Apple Eyes First Overseas Data Center in Hong Kong



Apple’s data-center empire has yet expand oversees, but it seems this is about to change.


Citing three unnamed sources, the Chinese-language Hong Kong Economic Times reports that Apple is planning to open a data center in Hong Kong, following in the footsteps of Google, its biggest rival.


This would be Apple’s first data center outside the U.S. Currently, the company serves up iCloud and other online services from massive computing facilities in Cupertino, California, at its headquarters; Newark, California, just north of Cupertino; and Maiden, North Carolina. It’s also developing additional facilities in Prineville, Oregon, and Reno, Nevada.


Apple is just one of several big-name web outfits that have erected their own data centers in an effort to save power and cost, rather than just leasing space in third-party facilities. Google was at the forefront of this movement — it now operates nine data centers across the globe — and it was soon joined by the likes of Microsoft, Yahoo, and Facebook.


According to the Hong Kong Ecocomic Times, Apple is an eyeing a place at the Hong Kong Science and Technology Parks, located on the Tsueng Kwan O Industrial Estate in the southeast part of the city. Several others companies — including Japanese telecom giant NTT and Hong Kong bank HSBC — already operate data centers there.

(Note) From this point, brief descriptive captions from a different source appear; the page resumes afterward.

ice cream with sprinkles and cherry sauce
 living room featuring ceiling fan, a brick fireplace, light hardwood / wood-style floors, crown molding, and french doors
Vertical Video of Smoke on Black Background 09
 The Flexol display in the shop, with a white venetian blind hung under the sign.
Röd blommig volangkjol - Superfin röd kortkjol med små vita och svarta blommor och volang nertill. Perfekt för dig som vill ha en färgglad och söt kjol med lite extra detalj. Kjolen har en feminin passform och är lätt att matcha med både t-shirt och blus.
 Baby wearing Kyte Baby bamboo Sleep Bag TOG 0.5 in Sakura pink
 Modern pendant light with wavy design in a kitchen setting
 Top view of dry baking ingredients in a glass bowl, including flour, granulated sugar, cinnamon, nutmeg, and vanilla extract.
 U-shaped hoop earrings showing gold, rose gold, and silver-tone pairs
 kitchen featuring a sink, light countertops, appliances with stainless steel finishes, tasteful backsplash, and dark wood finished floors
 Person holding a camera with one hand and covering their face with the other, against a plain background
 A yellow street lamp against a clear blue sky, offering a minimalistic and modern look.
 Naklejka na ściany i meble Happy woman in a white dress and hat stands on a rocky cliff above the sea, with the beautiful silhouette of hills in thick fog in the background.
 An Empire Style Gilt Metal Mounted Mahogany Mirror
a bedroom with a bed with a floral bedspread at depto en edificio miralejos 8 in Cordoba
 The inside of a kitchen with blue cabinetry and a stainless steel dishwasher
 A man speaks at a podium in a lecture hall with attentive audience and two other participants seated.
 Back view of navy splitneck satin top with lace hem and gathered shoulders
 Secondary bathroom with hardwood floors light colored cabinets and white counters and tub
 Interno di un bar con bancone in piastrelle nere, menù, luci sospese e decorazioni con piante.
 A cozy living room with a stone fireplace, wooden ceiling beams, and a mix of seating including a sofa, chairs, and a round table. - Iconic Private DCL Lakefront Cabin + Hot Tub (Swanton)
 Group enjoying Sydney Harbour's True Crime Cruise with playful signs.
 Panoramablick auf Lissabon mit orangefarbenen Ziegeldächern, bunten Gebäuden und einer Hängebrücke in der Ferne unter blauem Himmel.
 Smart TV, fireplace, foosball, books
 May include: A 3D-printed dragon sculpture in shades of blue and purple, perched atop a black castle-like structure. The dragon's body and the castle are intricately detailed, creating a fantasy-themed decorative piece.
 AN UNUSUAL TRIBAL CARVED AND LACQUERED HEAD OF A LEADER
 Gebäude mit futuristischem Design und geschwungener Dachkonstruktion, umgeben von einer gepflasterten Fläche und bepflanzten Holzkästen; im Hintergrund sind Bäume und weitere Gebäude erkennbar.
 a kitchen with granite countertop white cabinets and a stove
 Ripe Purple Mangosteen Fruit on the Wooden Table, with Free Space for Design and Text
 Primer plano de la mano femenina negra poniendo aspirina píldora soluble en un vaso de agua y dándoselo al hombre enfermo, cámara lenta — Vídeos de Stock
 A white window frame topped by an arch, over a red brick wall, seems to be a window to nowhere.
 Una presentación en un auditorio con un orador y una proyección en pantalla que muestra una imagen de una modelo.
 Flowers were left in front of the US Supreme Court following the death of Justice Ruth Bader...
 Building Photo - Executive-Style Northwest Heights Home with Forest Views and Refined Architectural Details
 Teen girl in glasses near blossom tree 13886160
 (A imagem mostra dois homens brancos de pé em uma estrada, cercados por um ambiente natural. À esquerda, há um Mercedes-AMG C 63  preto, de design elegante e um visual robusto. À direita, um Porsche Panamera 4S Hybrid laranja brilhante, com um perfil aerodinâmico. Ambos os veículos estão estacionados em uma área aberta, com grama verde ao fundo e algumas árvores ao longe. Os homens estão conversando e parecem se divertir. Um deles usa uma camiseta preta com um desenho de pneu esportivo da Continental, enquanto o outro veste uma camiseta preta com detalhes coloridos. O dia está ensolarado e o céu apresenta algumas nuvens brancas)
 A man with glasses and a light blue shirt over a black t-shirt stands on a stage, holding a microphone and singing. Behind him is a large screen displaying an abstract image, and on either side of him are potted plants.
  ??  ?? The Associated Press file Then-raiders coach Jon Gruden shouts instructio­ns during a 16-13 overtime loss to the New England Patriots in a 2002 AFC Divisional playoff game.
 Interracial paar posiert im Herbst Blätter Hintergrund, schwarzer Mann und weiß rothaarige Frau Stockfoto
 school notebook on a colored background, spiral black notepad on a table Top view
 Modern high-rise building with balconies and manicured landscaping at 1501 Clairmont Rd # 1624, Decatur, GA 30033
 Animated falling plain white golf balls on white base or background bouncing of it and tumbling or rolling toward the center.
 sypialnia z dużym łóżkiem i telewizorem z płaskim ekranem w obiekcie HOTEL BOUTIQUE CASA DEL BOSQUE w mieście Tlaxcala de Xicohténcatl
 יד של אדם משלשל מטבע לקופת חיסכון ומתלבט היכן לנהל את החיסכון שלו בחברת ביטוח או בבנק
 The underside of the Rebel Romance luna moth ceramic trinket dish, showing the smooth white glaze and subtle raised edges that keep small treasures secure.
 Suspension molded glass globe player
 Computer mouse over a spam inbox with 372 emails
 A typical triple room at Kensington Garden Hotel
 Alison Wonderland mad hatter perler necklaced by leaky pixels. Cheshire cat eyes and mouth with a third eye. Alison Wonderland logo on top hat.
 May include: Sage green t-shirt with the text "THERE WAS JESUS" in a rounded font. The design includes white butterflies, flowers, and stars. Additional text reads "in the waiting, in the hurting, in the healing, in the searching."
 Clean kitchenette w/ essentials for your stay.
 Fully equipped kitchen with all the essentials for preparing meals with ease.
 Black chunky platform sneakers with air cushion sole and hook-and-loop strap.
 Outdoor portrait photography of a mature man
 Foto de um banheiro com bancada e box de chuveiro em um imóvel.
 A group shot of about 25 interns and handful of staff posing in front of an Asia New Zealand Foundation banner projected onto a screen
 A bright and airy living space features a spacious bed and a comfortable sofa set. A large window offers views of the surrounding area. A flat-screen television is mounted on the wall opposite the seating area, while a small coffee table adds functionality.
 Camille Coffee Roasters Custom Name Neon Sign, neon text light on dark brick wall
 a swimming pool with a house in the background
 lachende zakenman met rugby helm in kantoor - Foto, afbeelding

Apple news site 9to5Mac has previously reported that Apple plans to begin work on its Hong Kong data center in the first quarter of next year, and that it plans to open the facility in 2015. China represents Apple’s fastest growing market, and having it local data center would allow the company to accelerate the delivery of online services to the region.


Apple did not immediately respond to a request for comment.